I just got chills as I read the final line in issue twelve of Cullen Bunn and Tyler Crooks’ Harrow County, with Hannah Christensen taking artistic duties from Crook in this issue. Let me begin by saying Harrow County is one of my favorite comics currently on the stands. It’s a dark fairy tale that takes the horror tropes of today and rips them to shreds, then gives us something both spectacularly old and incredibly fresh. This is the type of horror that exists in scribbles on parchment, evils that feel like they’ve been lurking just out of our sight from days long before us, before concrete buildings and digital landscapes. This is the stuff that slowly digs its way under your skin.

It also takes place in a world as real as our own. One that you can imagine finding if you drive into the countryside, far enough away from lights that fill the sky over a city.

For the last two issues, we’ve been following one of Emmy’s only real friends as she finds herself on an incredibly interesting journey, learning to fight evil in her own way. In this issue, we follow Emmy to a possibly haunted house. Watch as Cullen Bunn takes your expectations and doesn’t care. The only thing he cares about giving you is something both different and excellent, frightening with an emotional through line, all of which he hits here, some more subtle than others.
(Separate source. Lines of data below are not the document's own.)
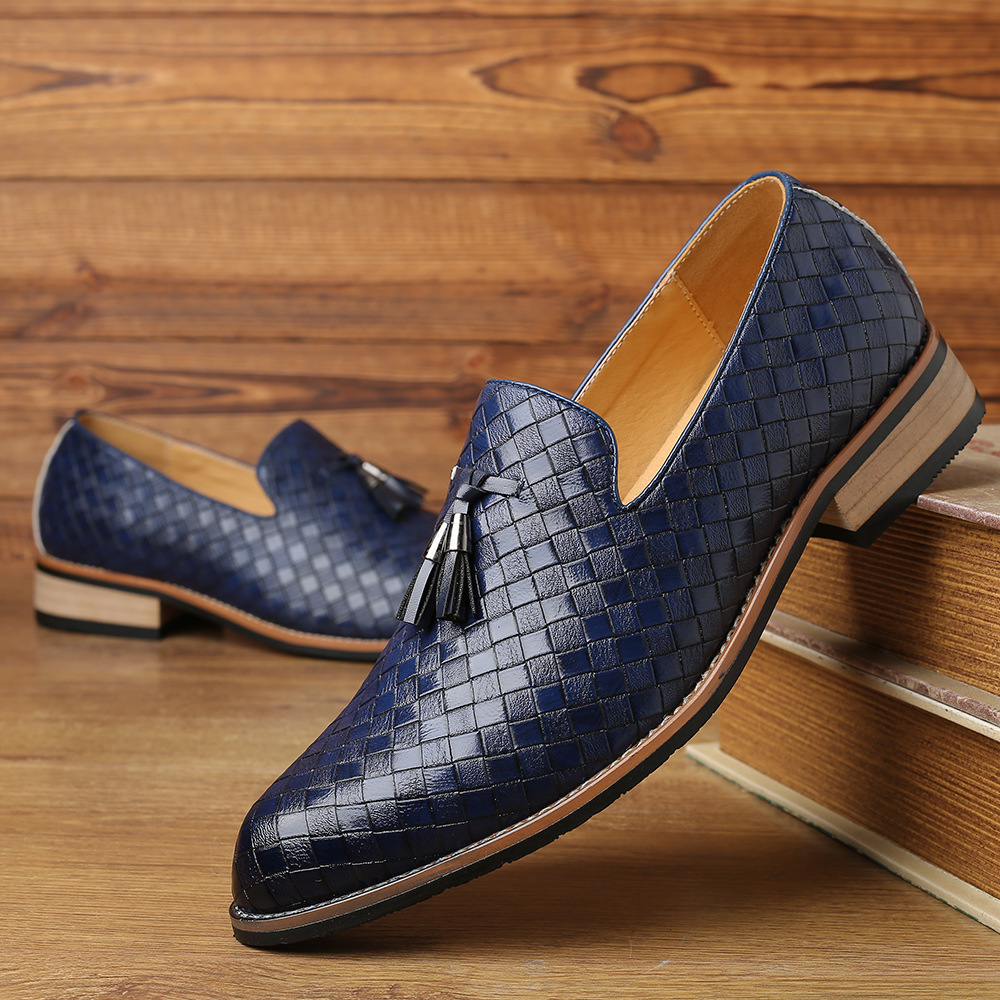 A new man's leisure bean shoe with a big lazy shoe on his sole.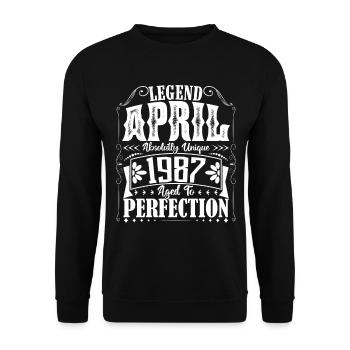 Avril 1987. Anniversaire avril 1987. Cadeau 1987. - Sweat-shirt Unisexe - noir - Devant - Alina (178cm) & Michal (187cm)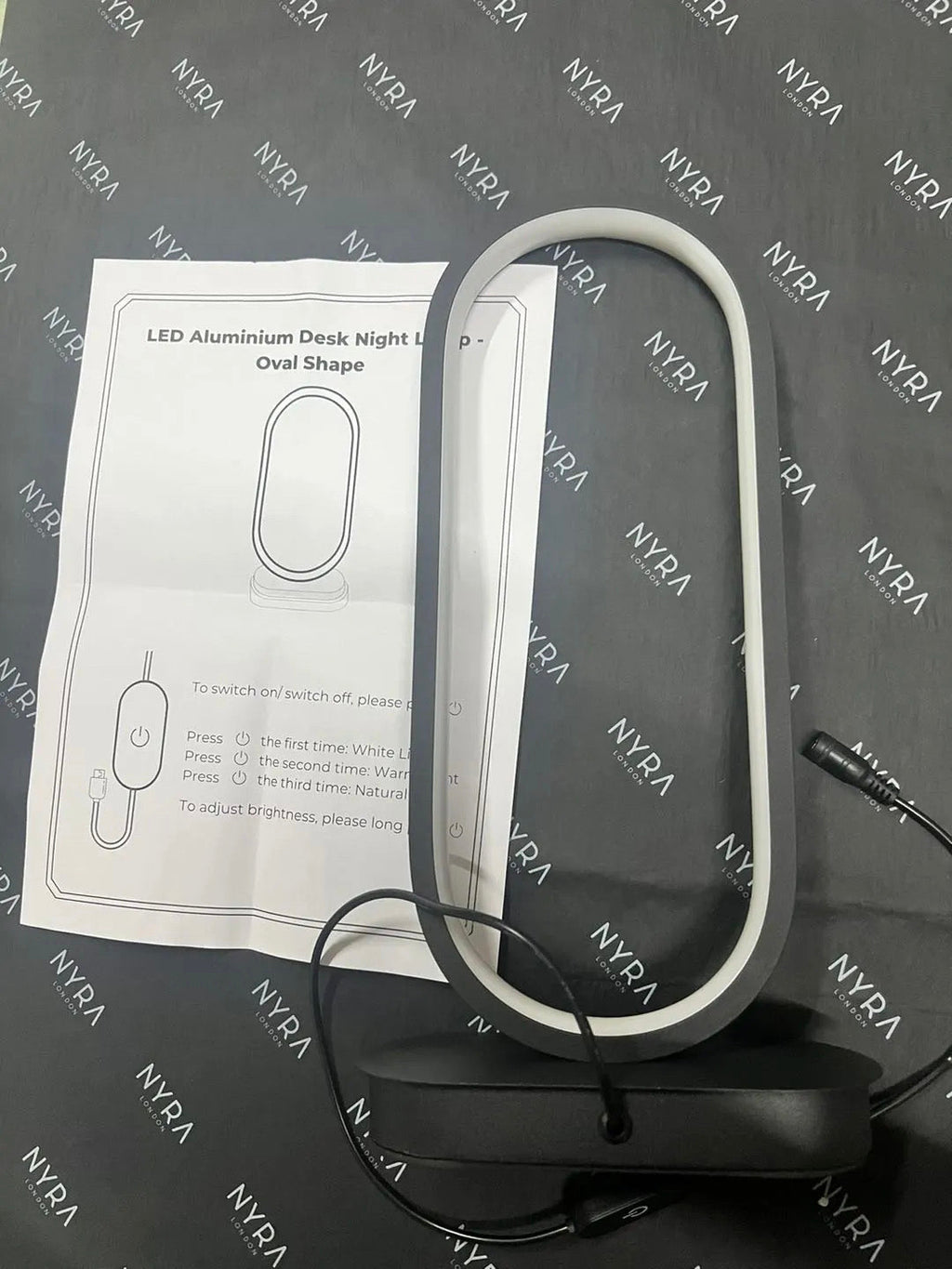 Aurelis Oval Table Lamp In Iron Finish Compact And Sleek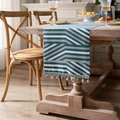 Modern chenille table runner with blue and gray geometric stripes and beaded tassels - Blue Herringbone (With Tassels)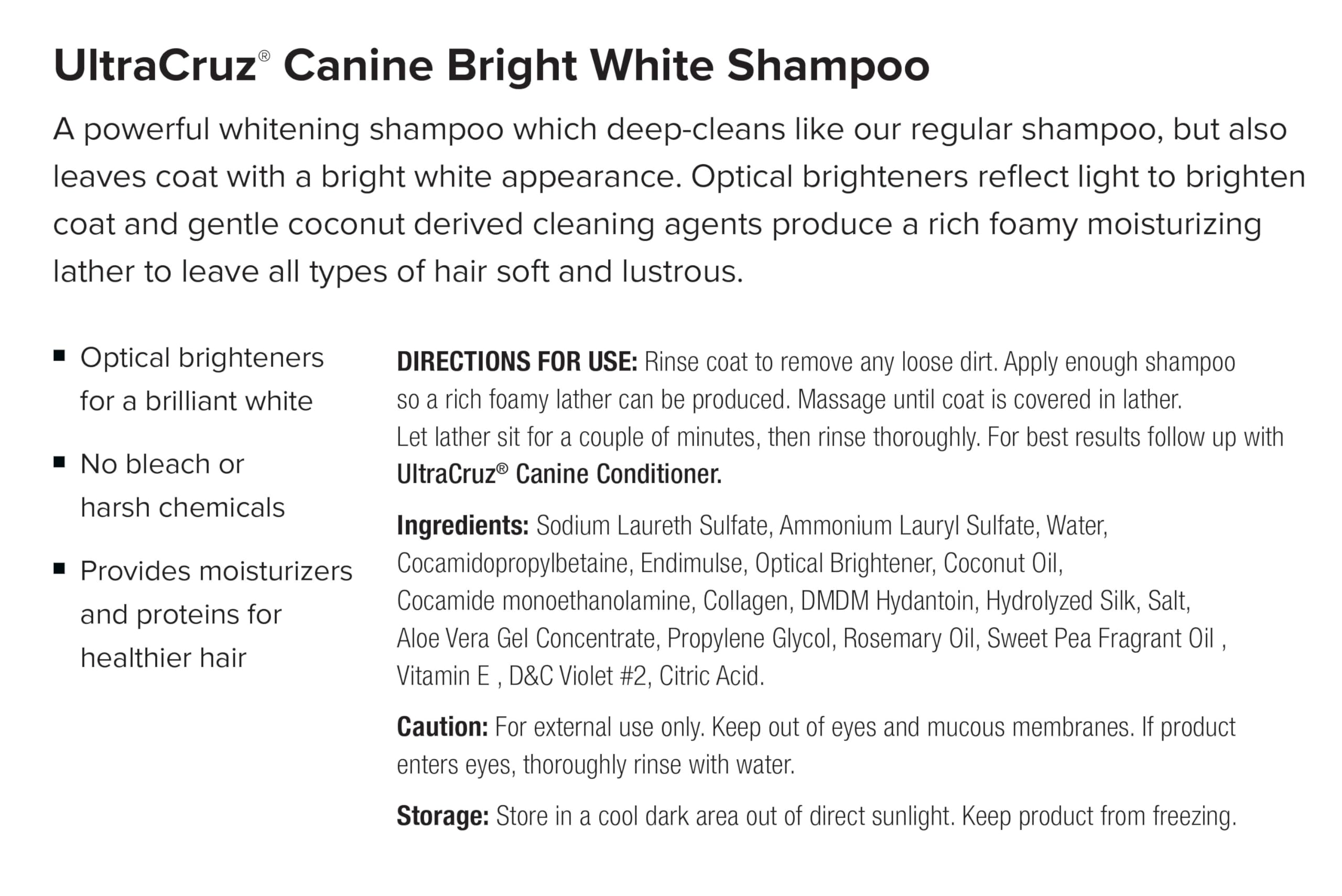 UltraCruz® Canine Bright White Szampon dla psów, 1 galon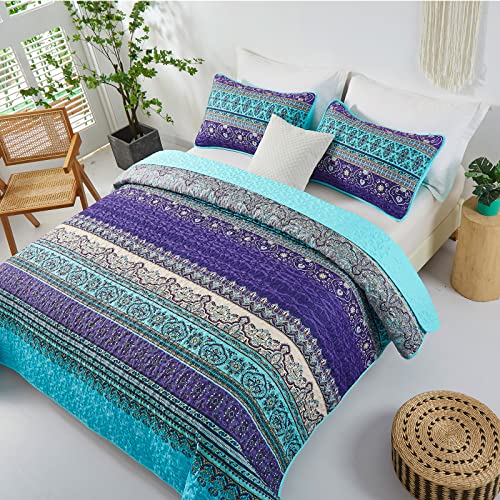 WONGS BEDDING Boho Queen Quilt Set, Blue Purple Bohemian Queen Quilt Bedding Set, Lightweight Microfiber Bed Decor Bedspread for All Season 96"x90"(3 Pieces) WONGS BEDDING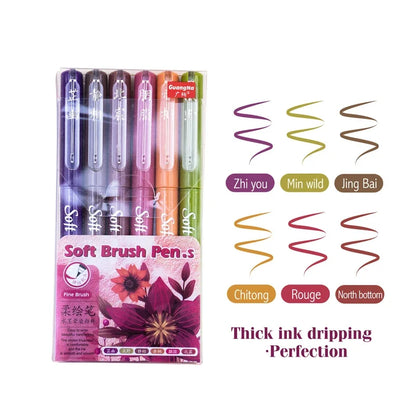 6Pcs Soft Brush Tip Marker Pens Artist Markers Brush Pens Hand Lettering Calligraphy Retro Colors for Journaling  Drawing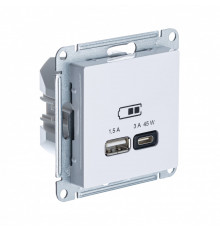 SE AtlasDesign Белый USB Розетка A + тип-C 45W высокоскор.заряд. QC, PD, мех.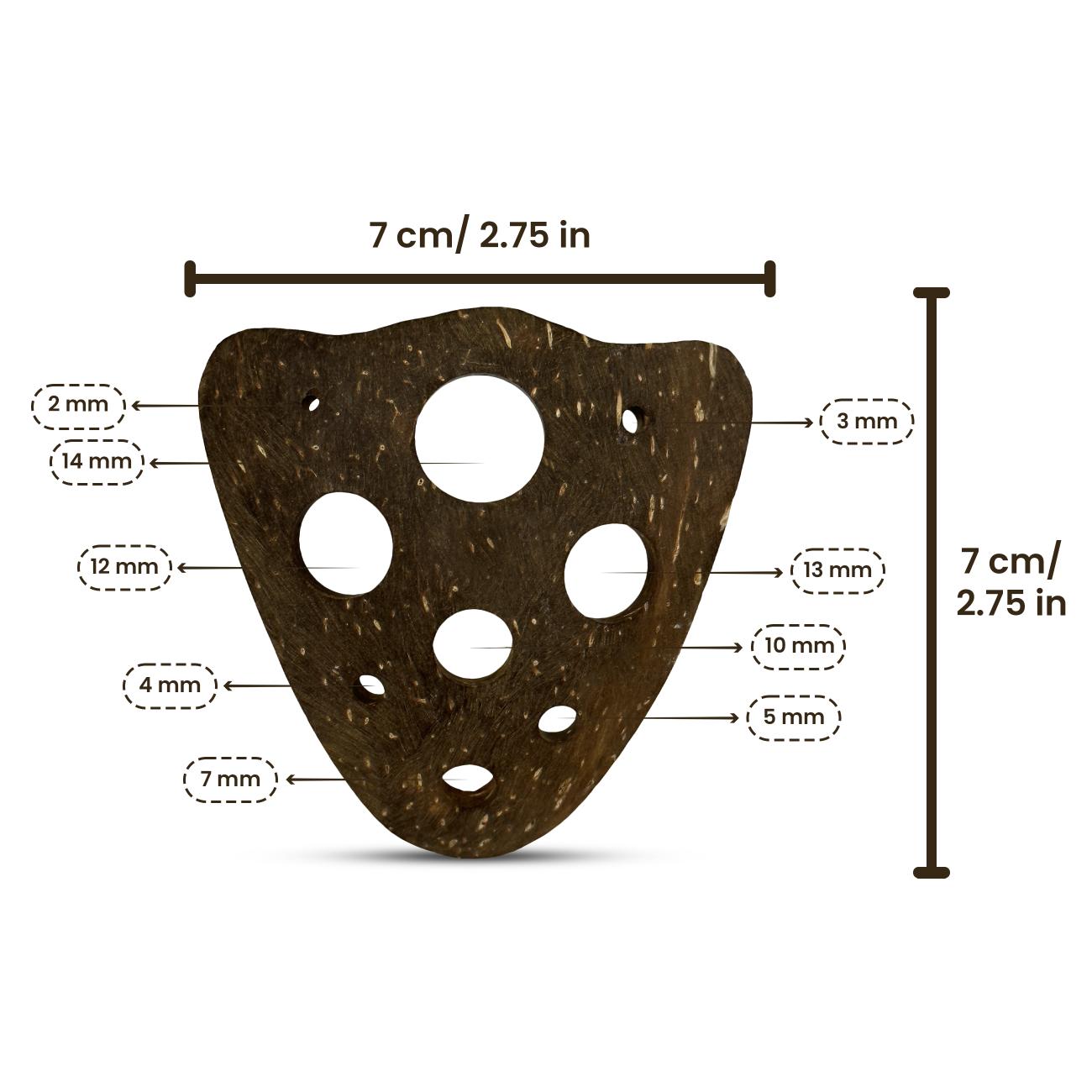 Herb Stripper Tool – Coconut Shell, 9 Hole Leaf Stripper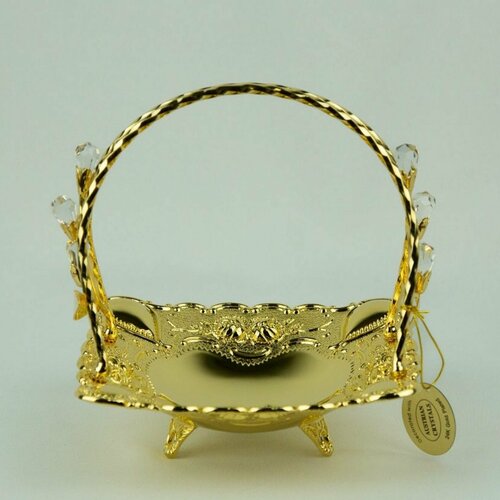 Менажница (конфетница) квадратная с ручкой, высота 15 см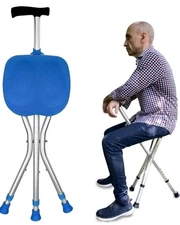 Folding Canes w/Seat Walking Stick Height Adjustment Cane Seat 220lb Lightweight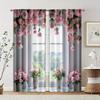 2pcs, Curtain Fabric Window View Polyester (without Rod) Decorations For Home for Living Room, Bedroom, and Home Decor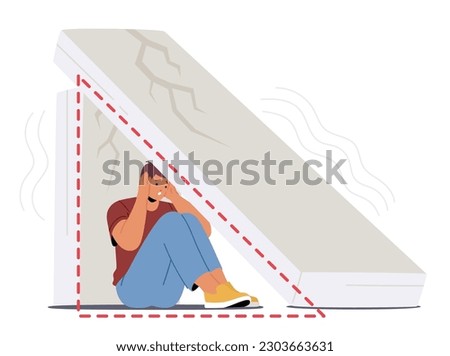 Fearful Man Hiding Under Concrete Slab For Safety During Earthquake. Male Character Frantic, Vulnerable, And Seeking Refuge From Impending Danger. Cartoon People Vector Illustration Royalty-Free Stock Photo #2303663631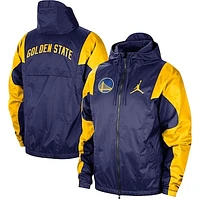 Men's Jordan Brand Navy Golden State Warriors Authentic Statement Edition Full-Zip Windbreaker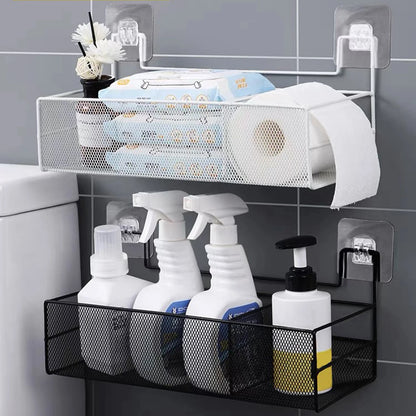 1PC Bathroom Self-adhesive Mesh Rack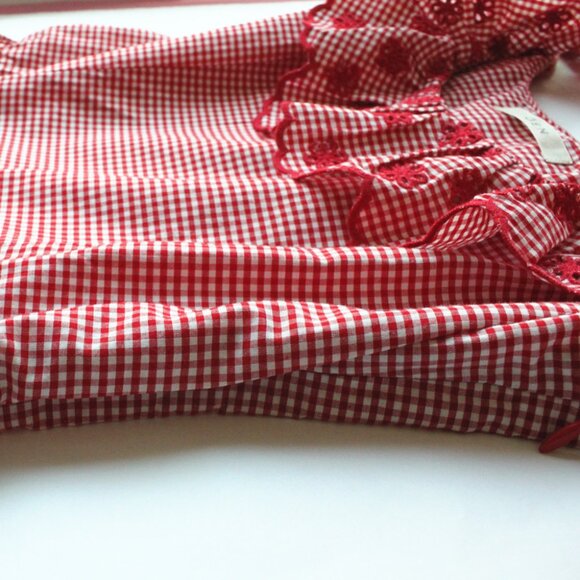 Doen Liesel Cherry Red Paris Gingham eyelet dress, Size M - Picture 6 of 10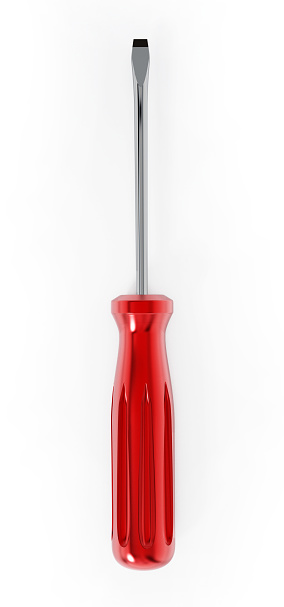 Red screwdriver isolated on white.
While I miss the lightness of Crook’s art in this issue, Christensen brings her own version of the children’s book feel that makes Harrow County as resonating as it is. After all, the scariest things were those that haunted our imaginations as children, and that’s what Bunn taps into more than anything else – his childlike innocence, his unfettered imaginations – and by doing so, he takes us with him. From issue to issue, it really is thrilling.